FP8 Training

Contents

FP8 Training#

DeepSeek-V3 models adopt Blockwise FP8 training:

Finer-grained scaling (tile-wise for activations, block-wise for weights) replaces per-tensor quantisation, cutting quantisation noise.
Up-to-date amax statistics reduce distribution-shift error that plagues delayed updates.

This section lists the feature flags / environment variables required to turn the scheme on in LoongForge, gives a proven recipe, and collects troubleshooting hints.

0. Prerequisites#

Item	Requirement
Hardware	Native FP8 support
Software	Transformer Engine enabled in the framework
Care	FP8 is numerically stricter → keep NaN/Inf/overflow monitors active while you dial in the setup

1. Feature switches#

1.1 CLI arguments#

Argument	Meaning
`--fp8-format e4m3`	Use E4M3 (4-bit exponent, 3-bit mantissa) for FP8 tensors.

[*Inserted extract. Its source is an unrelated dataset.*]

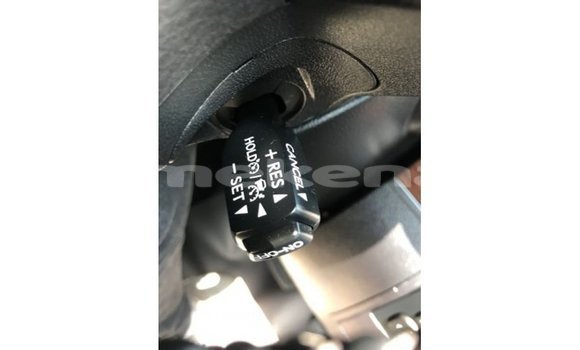 Buy Import Toyota Land Cruiser White Car in Import - Dubai in Aragatsotn Buy Import Toyota Land Cruiser White Car in Import - Dubai in Aragatsotn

Must be combined with `--fp8-recipe blockwise`.
`--fp8-recipe blockwise`	Turn on block-wise / tile-wise quantisation and per-block/tile amax tracking. Requires `--fp8-format e4m3`.
`--fp8-param-gather`	Keep weights in FP8 during distributed gather/communication and throughout the param buffer. Lowers memory and traffic, but needs a full convergence & checkpoint regression test.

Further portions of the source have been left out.